How to analyze a 34 item standardised survey purportedly measuring 6 dimensions using SPSS? I am currently analyzing a 34-item standardized survey on Physics expectations. I gathered data from 104 female respondents from a certain school. The survey's supporting literature said that the survey measures 6 specific dimensions, with each dimension corresponding to 5-6 items. My professor asked me to conduct SPSS analysis on the data aside from the usual mean and standard deviation. Now, I am in the dilemma of identifying the correct statistical analysis to apply using the SPSS. 
Can anyone here please help me with this? What analyses can I apply? 
This is a project for a Statistics class, and we have no specific questions to answer. We are just asked to make meaning from the gathered data out of various statistical methods.

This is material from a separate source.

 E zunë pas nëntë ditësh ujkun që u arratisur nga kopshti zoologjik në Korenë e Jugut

Thank you very much for the response.
 A: I wrote a post a while back about some basic analyses that people often perform on correlational survey type datasets using SPSS. The outline of the post:

  
*
  
*Get the raw data into SPSS
  
*Incorporate metadata 
  
*Check data
  
*Compute Variables
  
*Describing scale properties (reliability analysis and factor analysis)
  
*Calculate univariate descriptive statistics
  
*Obtain correlation matrix
  
*Perform model testing
  

The post is designed for students in applied fields who are getting started with basic analyses using SPSS. It includes links to assorted SPSS tutorials. 

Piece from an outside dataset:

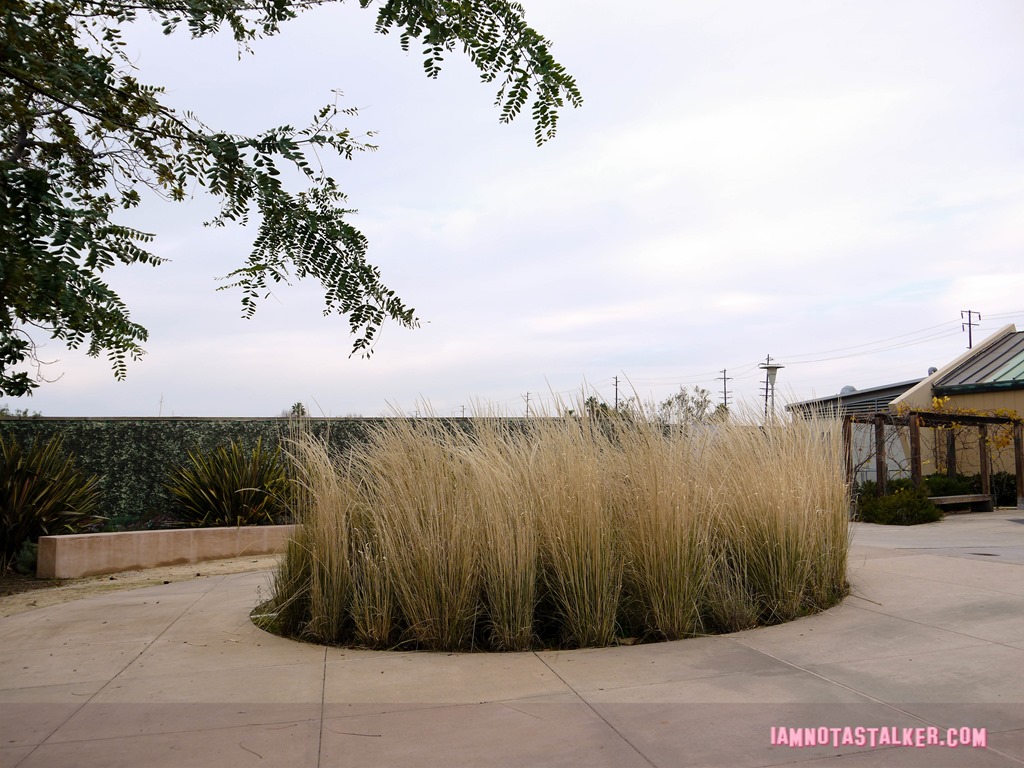 The Say Anything Amphitheatre-5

In particular, given the description of your task, it sounds like factor analysis might be particularly relevant to you in order to check whether your data is consistent with the factor structure of the scale. 

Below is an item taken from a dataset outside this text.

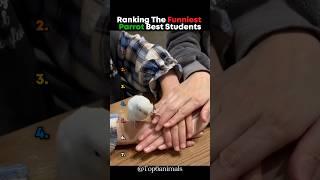 Ranking The Funniest Parrot Best Students  #parrot #sound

As for what model testing you might do, that would depend on what other variables you have in the dataset and what is theoretically interesting.
A: For each domain the surveys are usually designed so that if you sum up the scores for all questions in that domain you have a meaningful measure of the domain's characteristic.  Then you can compare the mean difference in the domain scores by group.  A t test can usually be applied but you can always use the Wilcoxon rank sum test.